If we can control our emotions and keep from getting too high, we can also prevent our emotions from getting us too down when we face rejection.
Managing Negative Emotions
Many of you have encountered a situation wherein the recruiter calls you and starts to discuss money very early on. They throw out a lowball number, and you think:
Oh crap! I can’t work for that amount of money. What the heck should I do now?
It would be easy to lose your excitement for the position.
In late 2007, I was called by a recruiter from a sexy startup. They had a newly created training position and wanted to know if I was interested. We got into a discussion of compensation, and I asked her what she had budgeted for the position. She gave me a very low number.
At this point, I could have easily said I was not interested. Instead, I responded that they will not get anyone with any real experience at that price. They really needed someone with a fair amount of experience for this position. She asked me about my current salary. My current salary was not relevant because I was working for a non-profit.
I gave her an approximate number of what I made when I left the high tech sector four years earlier (which was double what she had budgeted!).
She asked me if I was still interested.
I told her we should keep talking.
I could have easily become negative, and it would have come out in our conversation. Instead, I maintained a blank slate. They eventually made me an offer that was close to my previous compensation.
Maintaining a Blank Slate and Taking Action
My wife and I are now living in Ajijic, Mexico and I am celebrating my 2nd anniversary as a digital nomad.
One Saturday morning we planned to drive into Guadalajara to a shop at Andares Mall so my wife could buy some new shoes. At the very beginning of our trip, I made an illegal left turn at a very confusing intersection. As a result, I was pulled over by a police officer who was famous for extracting bribes. The conversation stayed very friendly as he asked me for all of my paperwork. That is when things changed.
I did not have all of my paperwork for the US plated vehicle I was driving. He told me he was going to impound the vehicle and would I please follow him to the police station. I stayed very calm and said “NO” very politely. I then called my lawyer, an American citizen practicing law in Mexico.
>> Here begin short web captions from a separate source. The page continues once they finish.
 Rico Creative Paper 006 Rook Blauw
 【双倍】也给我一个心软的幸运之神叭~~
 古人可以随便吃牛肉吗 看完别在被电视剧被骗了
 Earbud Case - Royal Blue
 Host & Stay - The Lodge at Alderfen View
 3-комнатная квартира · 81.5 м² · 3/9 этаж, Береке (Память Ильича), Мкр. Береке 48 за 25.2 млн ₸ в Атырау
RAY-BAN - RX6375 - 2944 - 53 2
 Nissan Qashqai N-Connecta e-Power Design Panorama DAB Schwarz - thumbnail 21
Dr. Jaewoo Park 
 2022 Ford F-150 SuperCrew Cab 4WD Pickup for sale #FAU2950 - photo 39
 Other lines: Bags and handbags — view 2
He spoke with the police officer and when the officer returned my phone, my lawyer instructed me in what to do. To spare you the details, 10 minutes later I was driving home to simply retrieve the rest of my paperwork and then headed on to Guadalajara.
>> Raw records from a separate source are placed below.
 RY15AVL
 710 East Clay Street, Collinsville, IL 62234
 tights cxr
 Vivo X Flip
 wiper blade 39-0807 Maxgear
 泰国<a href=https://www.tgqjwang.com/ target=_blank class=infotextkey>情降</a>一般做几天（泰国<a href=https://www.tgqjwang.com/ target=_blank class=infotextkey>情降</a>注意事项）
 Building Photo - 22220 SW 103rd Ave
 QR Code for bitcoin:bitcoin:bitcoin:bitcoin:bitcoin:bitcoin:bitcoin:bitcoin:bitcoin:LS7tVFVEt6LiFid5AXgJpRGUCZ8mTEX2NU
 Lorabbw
Taking Action Assisted in Maintaining a Blank Slate
I maintained a blank slate the whole time. I was able to do that because I took action and did not sit with my emotions. My action was to immediately seek help from a trusted advisor. I screwed up in multiple ways that day but I was able to keep my emotions in check, seek help, exit the situation and more importantly learn some valuable lessons.
Have you been able to maintain a blank slate and control your emotions?